Klasifikasi dan morfologi tanaman Sambiloto

Hei hei akhirnya kita jumpa lagi di web tercinta kamu. Bersyukur sekali, sebagai penulis saya masih sempat dikasih kesempatan waktu untuk berbagi wawasan ke kamu. Yaah walaupun hanya sebatas wawasan singkat tapi lumayan laah barangkali aja data membawa manfaat untuuk kamu kamu gitukan.. hehehe

Oke, kali ini kita akan membahas topik Klasifikasi dan morfologi tanaman Sambiloto. Tumbuhan Sambiloto (Andrographis paniculata (Burm.f.) ex Nees mudah dijumpai hampir di seluruh kepulauan nusantara.

Baca Juga :

Lantas seperti apa sih klasifikasi dan morfologi tanaman Sambiloto? Mari yuk kita simak..

Klasifikasi Tanaman Sambiloto:

Secara taksonomi tanaman sambiloto diklasifikasikan seperti berikut ini.

  • Divisi: Spermathophyta
  • Subdivisi: Angiospermae
  • Class: Dycotyledonae
  • Subclass: Gamopetalae
  • Ordo: Personales
  • Famili: Acanthaceae
  • Subfamili: Acanthoidae
  • Genus:

Morfologi Tanaman Sambiloto

Tanaman sambiloto juga dikenal memiliki beberapa nama daerah, semisal ki oray atau ki peurat (Jawa Barat), sambiloto (Jawa Tengah dan Jawa Timur), bidara, takilo, atau pepaitan atau ampadu
(Sumatera).

Sambiloto tergolong kedalam jenis tanaman terna (perdu) yang bisa tumbuh di banyak habitat, seperti pinggiran sawah, hutan, atau kebun. Sambiloto memiliki batang kayu berbentuk bulat dan segi empat juga mempunyai banyak cabang (monopodial).

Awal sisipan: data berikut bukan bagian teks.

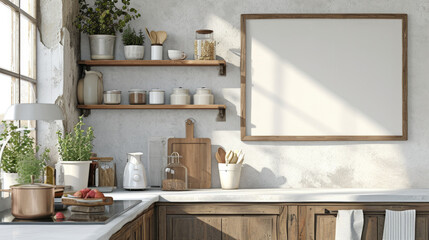 Frame mockup in farmhouse kitchen interior background. Generative Ai - obrazy, fototapety, plakaty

Daun tunggal tanaman sambiloto saling berhadapan, memiliki bentuk pedang (lanset) dengan tepi rata (integer) dan permukaannya juga halus, serta berwarna hijau. Bunganya memiliki warna putih keunguan, bunga tersebut berbentuk jorong (bulan panjang) dengan bagian ujung dan pangkal lancip.

Sekilas Info Tambahan Tentang Tanaman Sambiloto

Di negri India bunga dan buah sambiloto dapat dijumpai pada sekitar bulan Oktober ataupun periode antara Maret sampai Juli. Sementara itu, di wilayah benua Australia bunga dan buah sambiloto terproduksi antara bulan Nopember sampai dengan Juni, sedangkan di Indonesia bunga dan buah sambiloto bisa dengan mudah ditemukan sepanjang tahun.

Komponen utama pada tanaman sambiloto tak lain adalah andrographolide yang berfungsi sebagai bahan obat. Disamping itu, daun sambiloto mengandung zat falvonoid, zat alkaloid, saponin, dan juga tanin. Kandungan kimia lain yang terkandung pada daun dan batang adalah panikulin, kalmegin, laktone, dan hablur kuning yang memiliki rasa pahit.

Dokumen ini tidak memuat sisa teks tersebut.